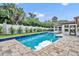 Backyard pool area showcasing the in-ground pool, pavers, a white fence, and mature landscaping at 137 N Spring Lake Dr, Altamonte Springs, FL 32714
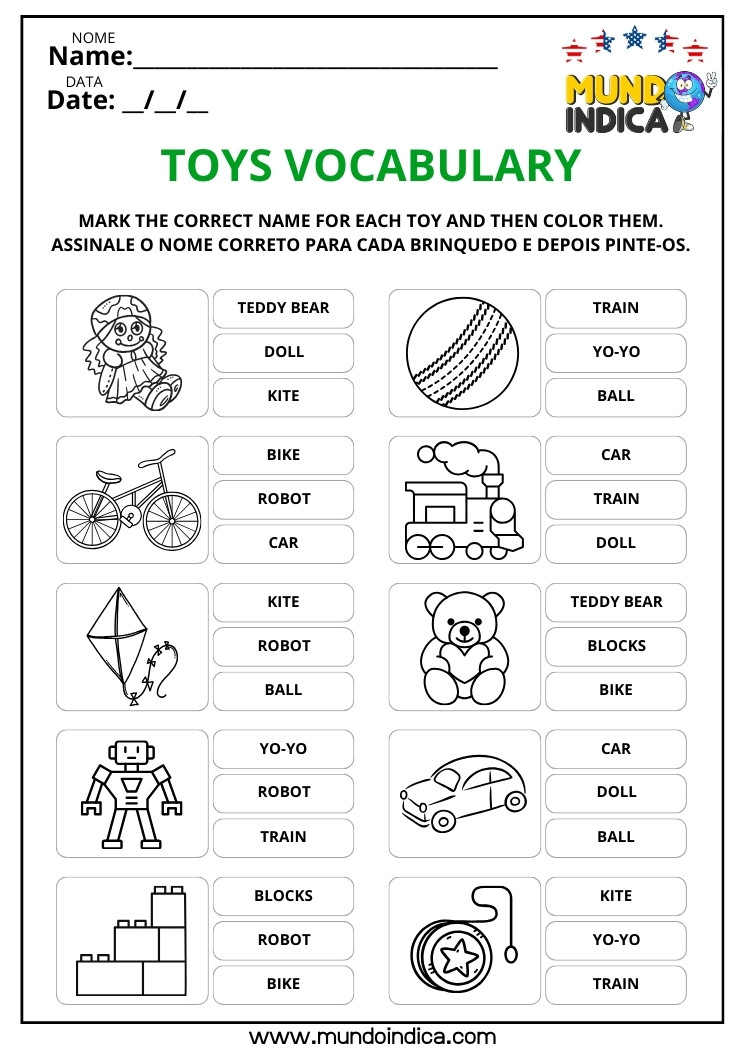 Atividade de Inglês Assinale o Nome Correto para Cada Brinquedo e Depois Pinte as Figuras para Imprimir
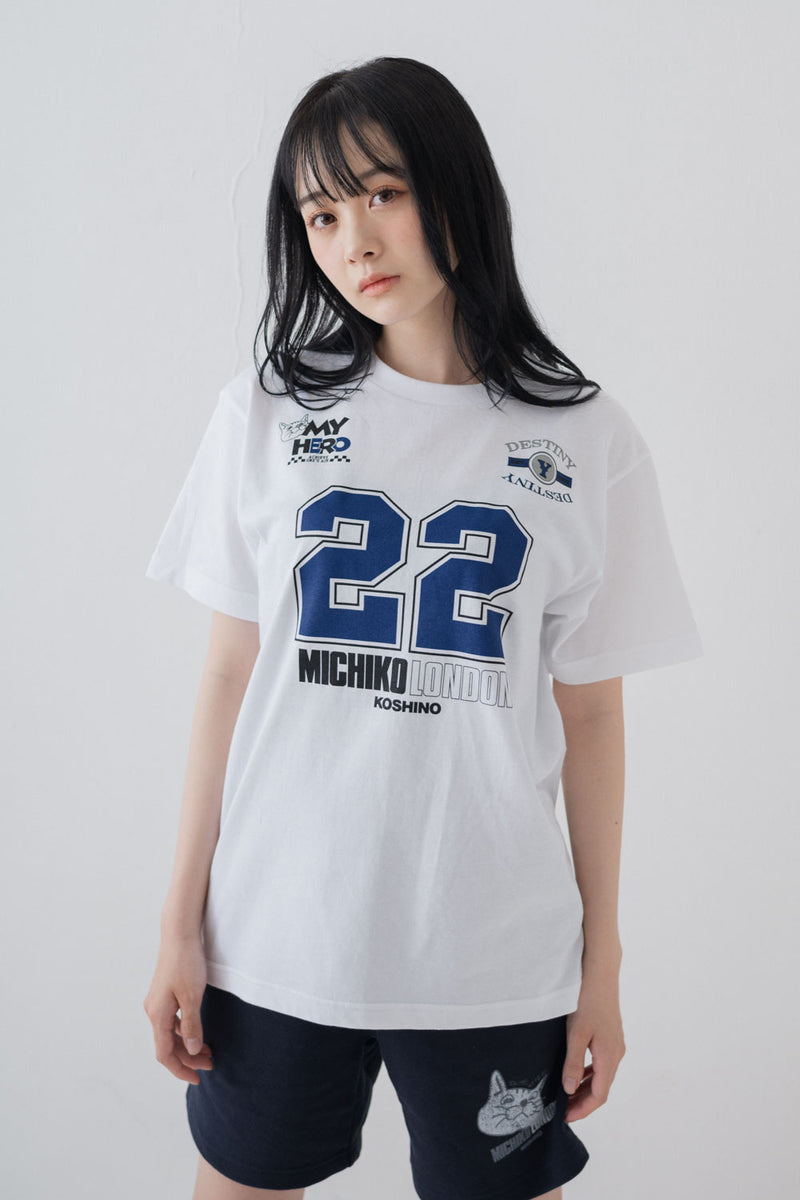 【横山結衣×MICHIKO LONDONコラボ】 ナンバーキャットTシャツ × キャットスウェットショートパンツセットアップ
- - -
- _Your goal_
Return all of the material precisely as written. No picture belongs in it.

- _Exercise answer_
 Backyard pool area showcasing the in-ground pool, pavers, a white fence, and mature landscaping at 137 N Spring Lake Dr, Altamonte Springs, FL 32714
 Atividade de Inglês Assinale o Nome Correto para Cada Brinquedo e Depois Pinte as Figuras para Imprimir
 【横山結衣×MICHIKO LONDONコラボ】 ナンバーキャットTシャツ × キャットスウェットショートパンツセットアップ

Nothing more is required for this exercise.